_Recorded data_.
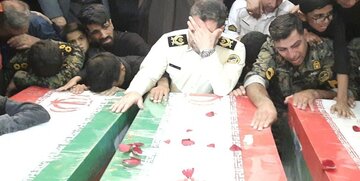 وداع با پیکر مطهر ۴ شهید حافظ امنیت در ستاد انتظامی سیستان و بلوچستان+عکس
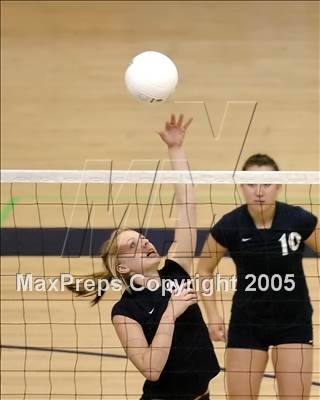 Thumbnail 1 in Yuba City vs. Nevada Union (D1 Section Final) photogallery.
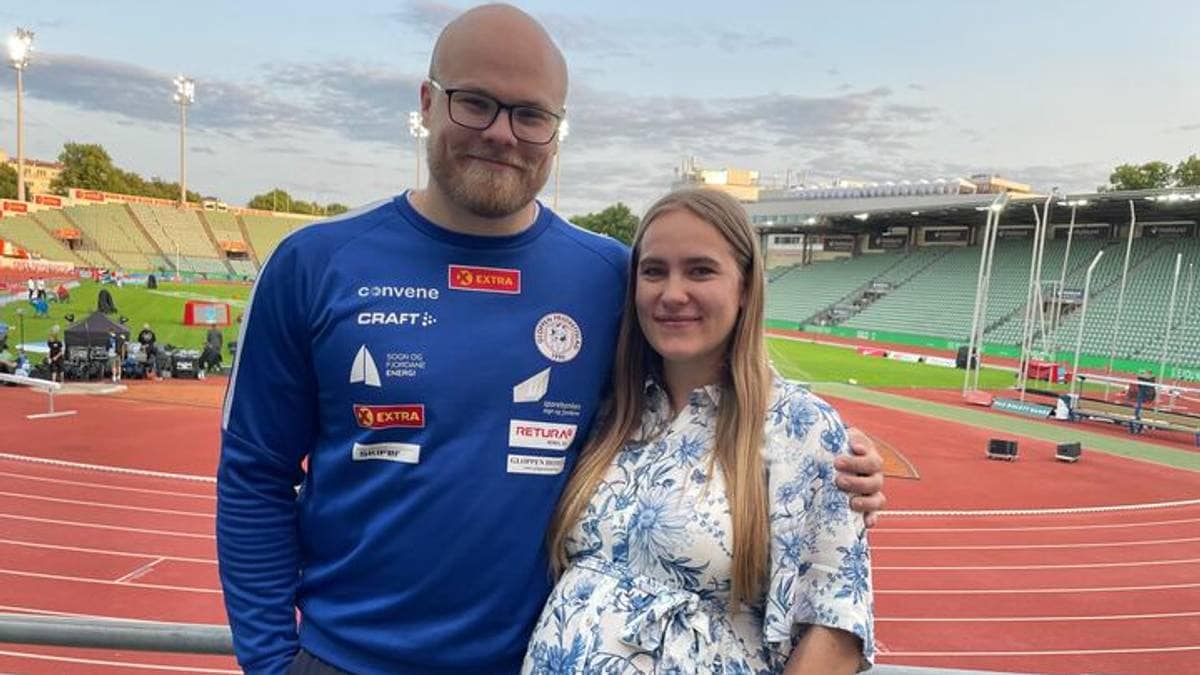 Tok VM-kravet og feiret med sin høygravide kone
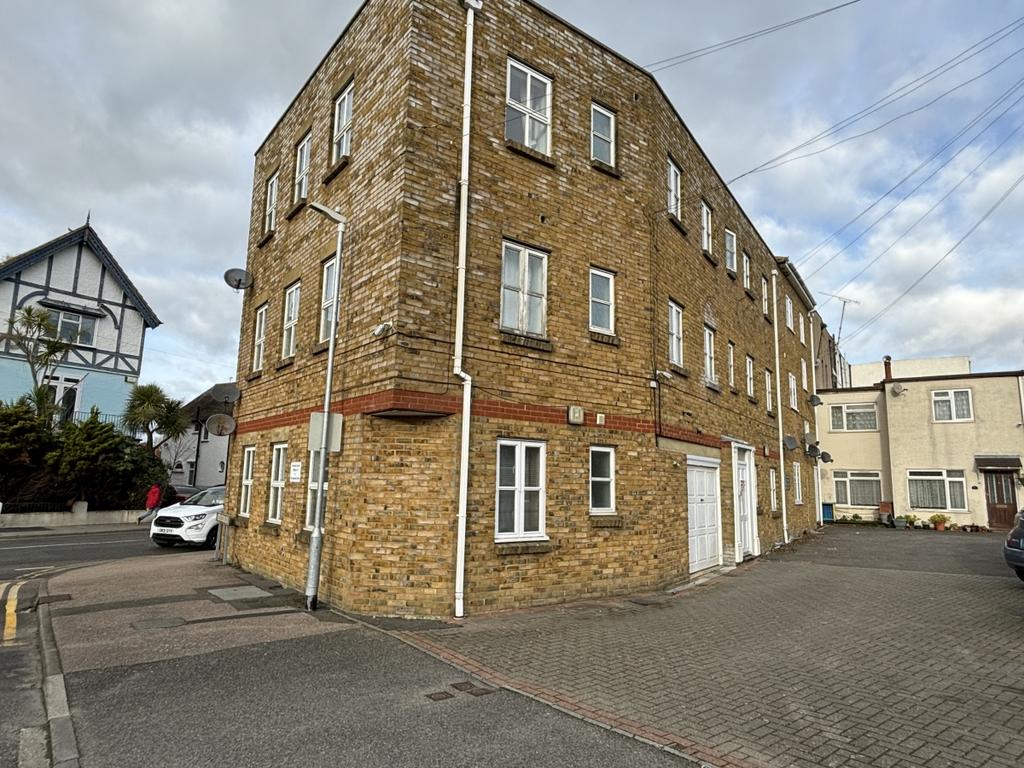 Sea Street Herne Bay CT6 2 bed apartment - £900 pcm (£208 pw)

_Problem to solve_. Everything in the material must be duplicated exactly, except the pictures.

_Answer to the exercise_.
 وداع با پیکر مطهر ۴ شهید حافظ امنیت در ستاد انتظامی سیستان و بلوچستان+عکس
 Thumbnail 1 in Yuba City vs. Nevada Union (D1 Section Final) photogallery.
 Tok VM-kravet og feiret med sin høygravide kone
 Sea Street Herne Bay CT6 2 bed apartment - £900 pcm (£208 pw)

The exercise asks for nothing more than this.